Naturally, Mickey Guyton couldn’t leave out another good friend hailing from Arlington, Texas. Maren Morris gets high scores from Mickey, not just for “the way she writes,” but for her outspoken truth in life.
Moving past the No’s to celebrating personal identity
Mickey Guyton is teaching future artists by example with every performance she gives today. She is standing in the power of her own truth, as Dionne Warwick noted on social media. Everyone is listening.
Kristi Hoopes asked Guyton which “No” in her career climb was most difficult. Without naming any names, Mickey detailed a meeting with “the head” of her label. He listened and “stared blankly at the wall” without any response during several Mickey Guyton selections.

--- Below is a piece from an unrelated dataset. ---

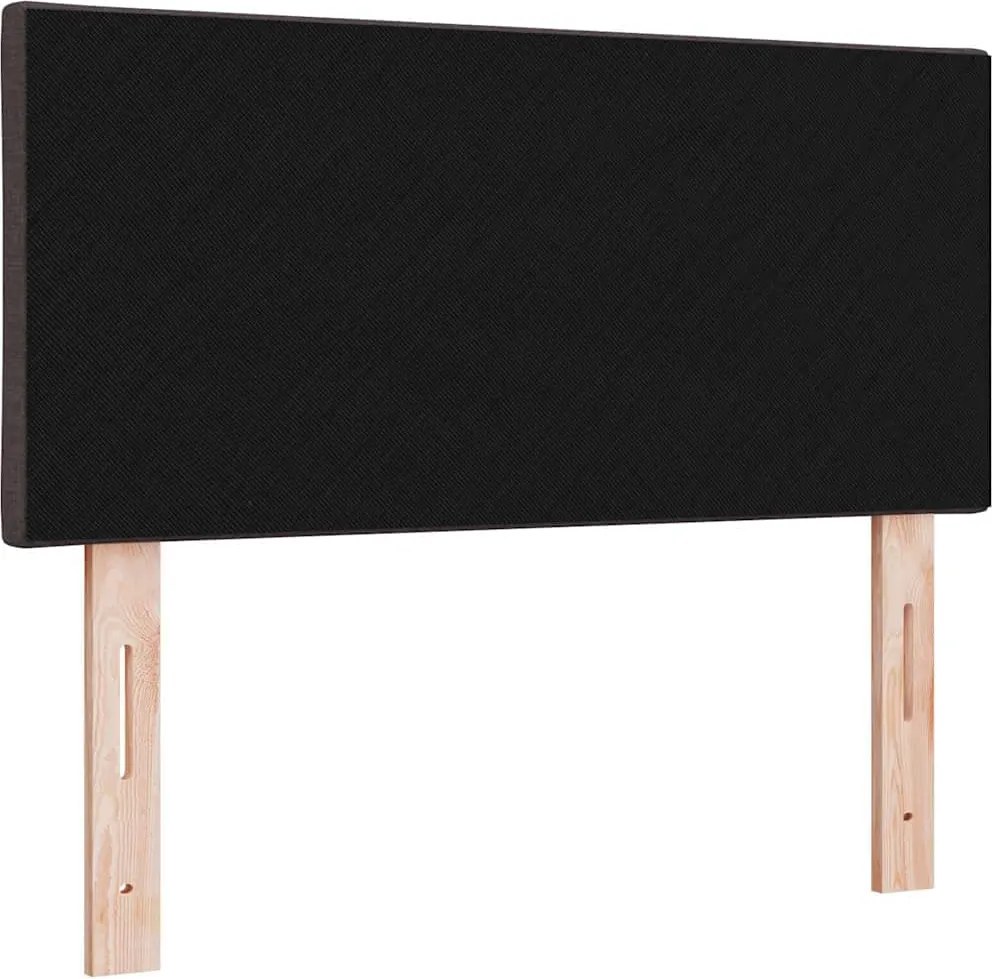 vidaXL Tăblie cap Maro închis 100 cm țesătură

“There’s just no room for pop on Country radio,” he concluded. Summoning her store of strength and grace, Mickey Guyton replied, “You know I love you, but with all the male artists [and their songs] that you’ve released, as a black woman, you cannot ever say that to me again.” “It was the most terrifying thing I ever said,” Guyton confesses, but it was a turning point to her true identity.
Mickey Guyton and Kristi Hoopes both agree that listeners are missing out on beautiful songs from the Latinx community, love songs from the LGBTQ community, and so many other layers “from white women, too” deserving to be heard and felt.
In answer to another question, Mickey Guyton hopes that her industry will be “more inclusive and has room for all forms of country music,” by the time her son reaches her age.
A song to bring Mickey Guyton to tears
In a parting exchange, Kristi Hoopes sings a song she wrote a year ago for Mickey Guyton. It came from a “15-minute outpouring of frustration” after one of those experiences that come to all yearning country music artists. The song is titled “Potential.”
Like Mickey Guyton, Kristi maintains that country music is the “calling on my life.” The committed and striving artist strums as she sings “I’ve got room to grow, and then, “I’ve got time to pay” in pursuit of the dream to “make my way.”
“Girl!” Mickey Guyton exclaims as she dabs away tears. “I’ve got chills all over my body right now!”
“It’s so honest– it’s so true,” Mickey Guyton encourages. “Don’t ever run away from that.” The star closes the visit with the assurance that “This is why I’m fighting for women in country music because there’s someone like you.”
Mickey Guyton is a mentor and a “someone” turned star who no one forgets.